■ What the task asks: In the material below, find the span from the line with "重庆玉石鉴定多少钱（重庆哪里免费可以鉴定玉石）" to the line with "chicken battery cage" and transcribe only those lines, exactly, ends included, without the pictures.

■ Data to examine:
BEGIN

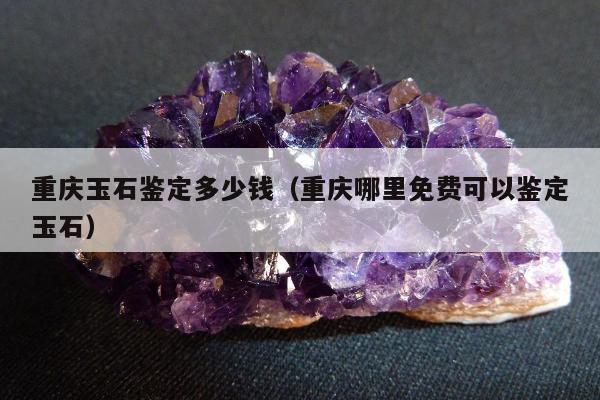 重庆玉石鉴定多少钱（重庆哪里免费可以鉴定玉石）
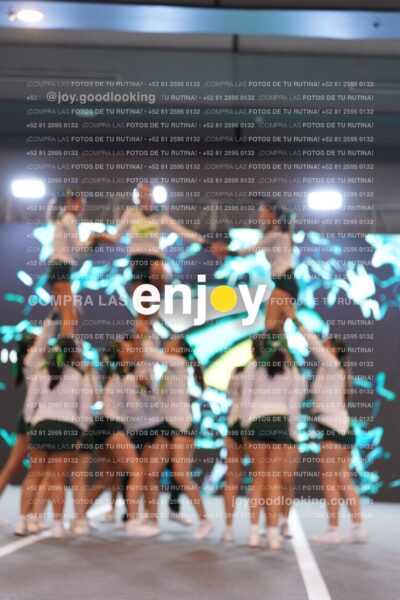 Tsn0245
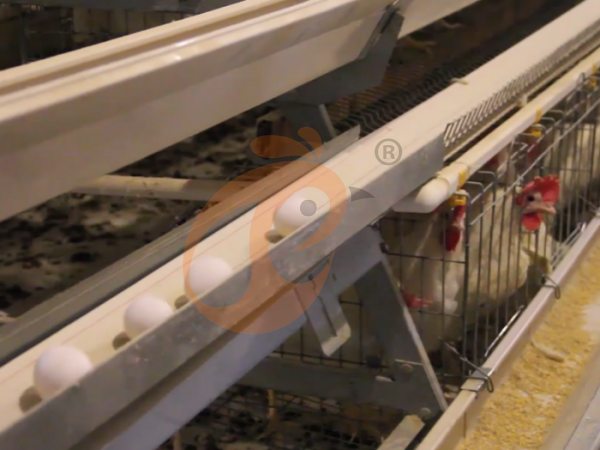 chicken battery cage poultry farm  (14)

END
BEGIN

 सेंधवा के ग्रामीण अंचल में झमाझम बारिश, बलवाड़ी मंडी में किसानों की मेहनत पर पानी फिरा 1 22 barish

END

■ Problem solution:
 重庆玉石鉴定多少钱（重庆哪里免费可以鉴定玉石）
 Tsn0245
 chicken battery cage poultry farm  (14)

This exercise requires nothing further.